Quote all of the data that follows exactly as written, skipping the images.

Start of The data

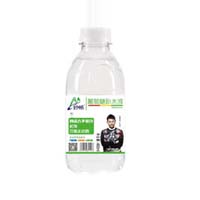 河南妙畅饮品有限公司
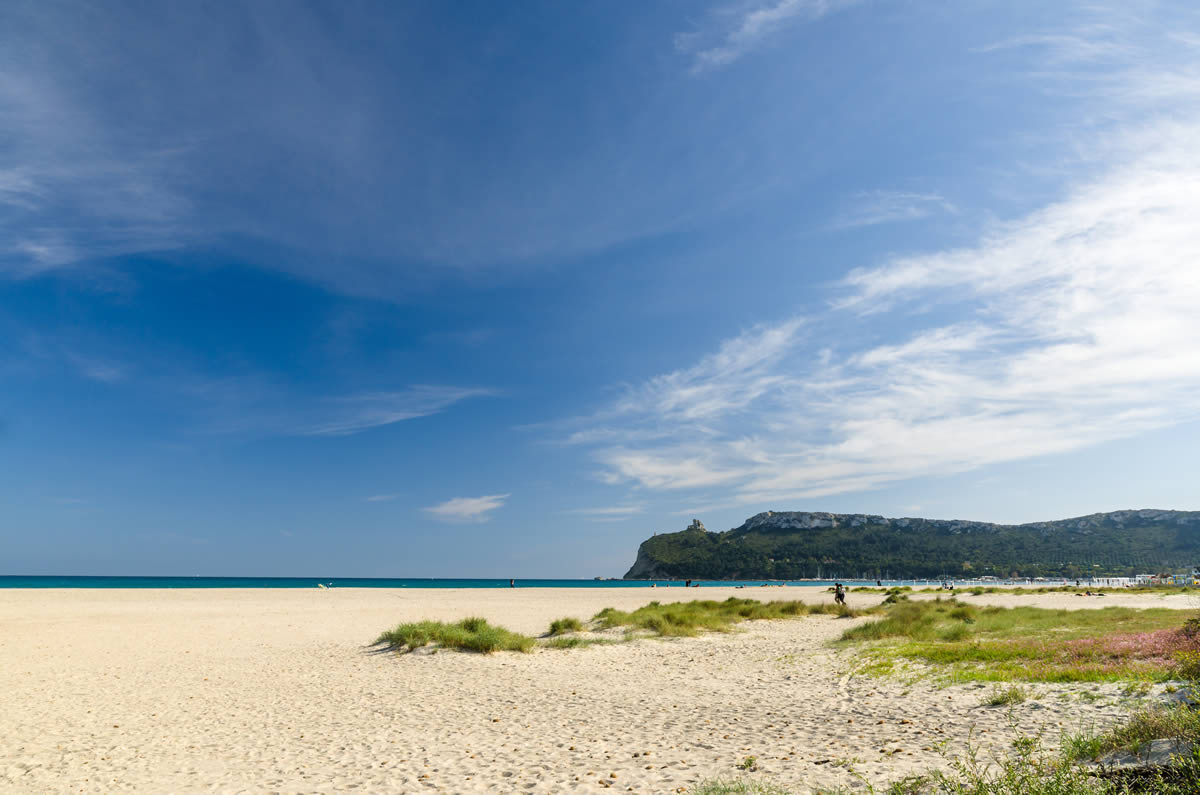 hotel-residence-cormoran-villasimius-sardegna-cagliari5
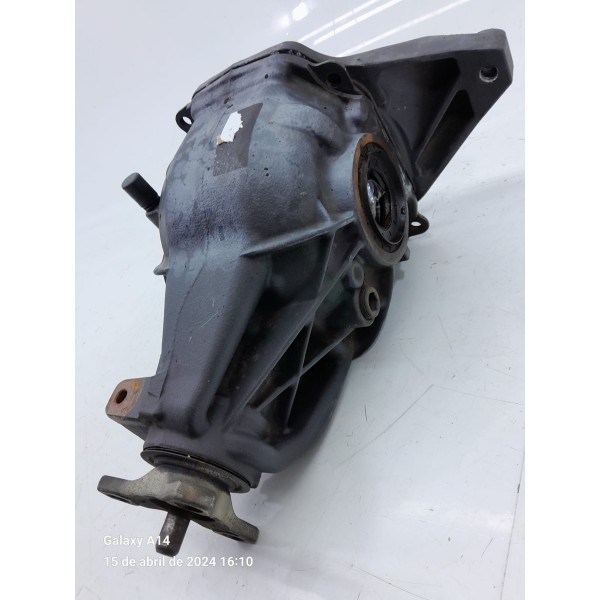 Diferencial Mercedes C180 C200 2007/2013 2014 A2033510605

End of The data

### Written solution:
 河南妙畅饮品有限公司
 hotel-residence-cormoran-villasimius-sardegna-cagliari5
 Diferencial Mercedes C180 C200 2007/2013 2014 A2033510605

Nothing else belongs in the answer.